#### Task
Because only the text is wanted, repeat the records below exactly and omit the pictures.

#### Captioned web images
##############################

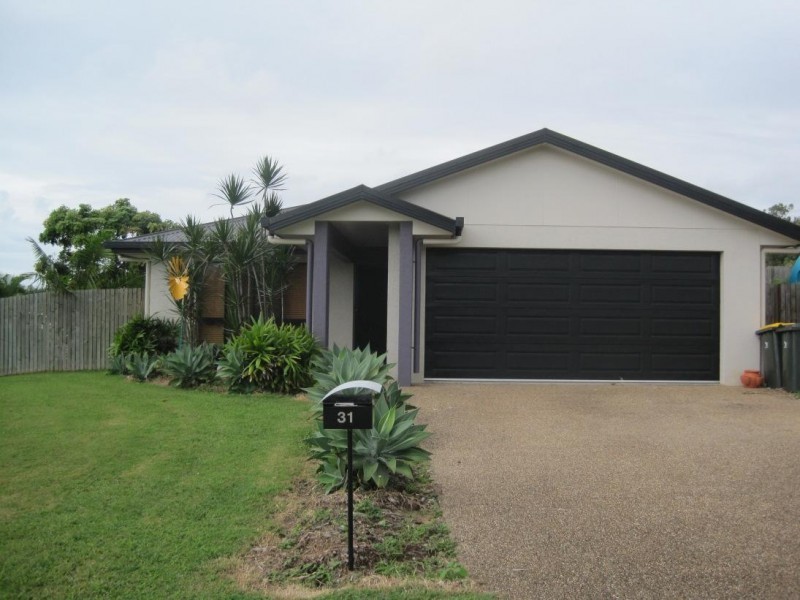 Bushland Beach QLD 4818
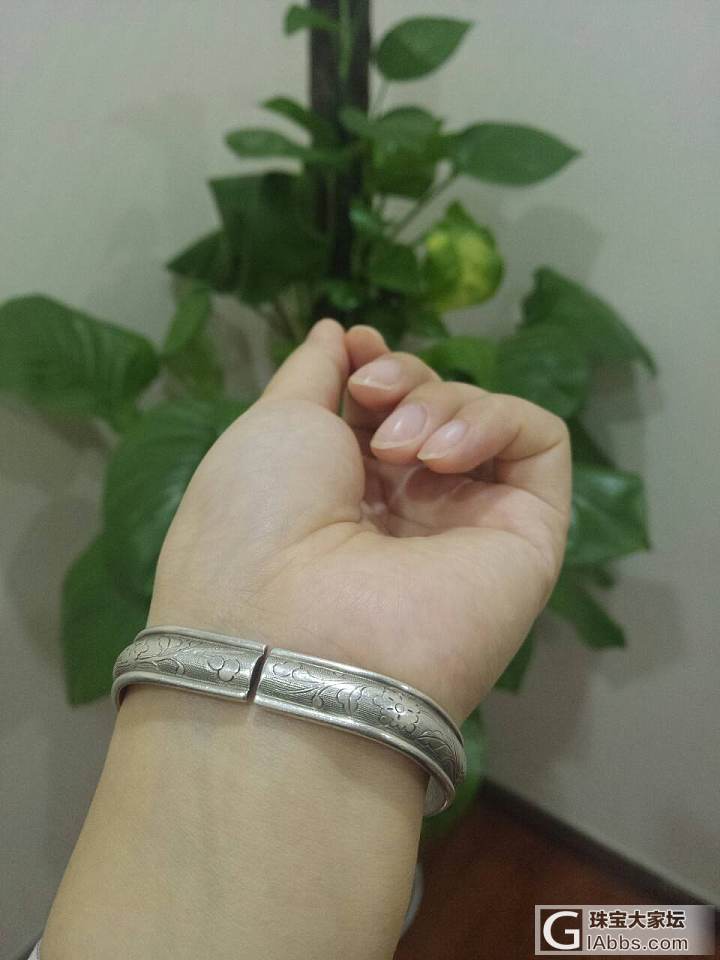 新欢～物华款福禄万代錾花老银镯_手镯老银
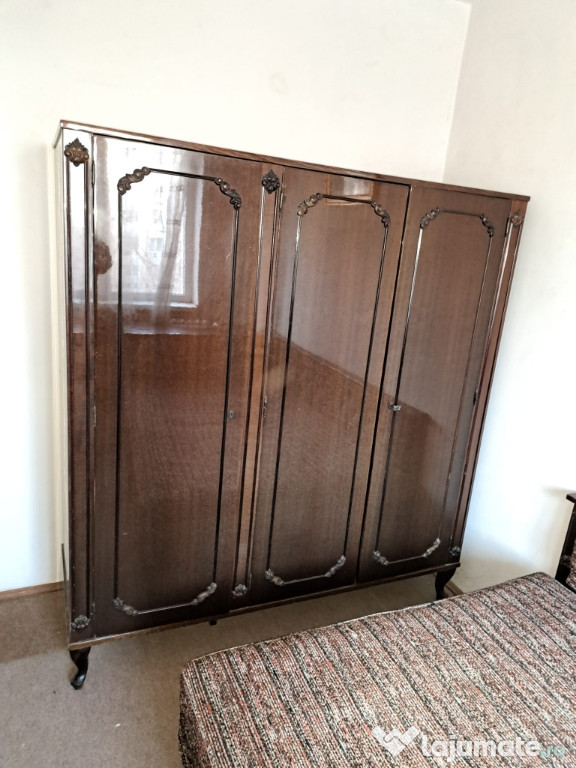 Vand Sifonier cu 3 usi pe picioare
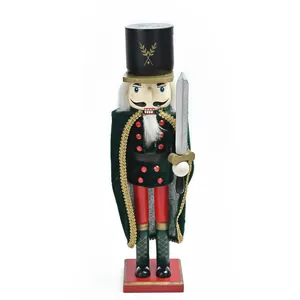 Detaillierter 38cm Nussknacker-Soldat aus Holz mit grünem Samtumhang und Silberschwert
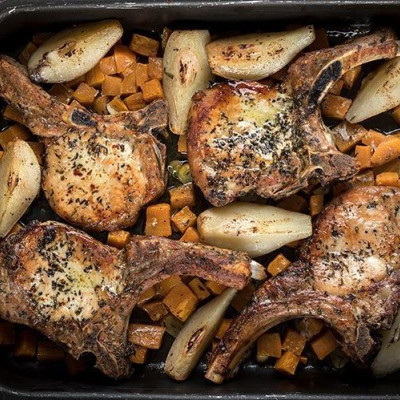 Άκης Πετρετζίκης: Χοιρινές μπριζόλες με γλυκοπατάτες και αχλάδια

##############################

#### Reply
 Bushland Beach QLD 4818
 新欢～物华款福禄万代錾花老银镯_手镯老银
 Vand Sifonier cu 3 usi pe picioare
 Detaillierter 38cm Nussknacker-Soldat aus Holz mit grünem Samtumhang und Silberschwert
 Άκης Πετρετζίκης: Χοιρινές μπριζόλες με γλυκοπατάτες και αχλάδια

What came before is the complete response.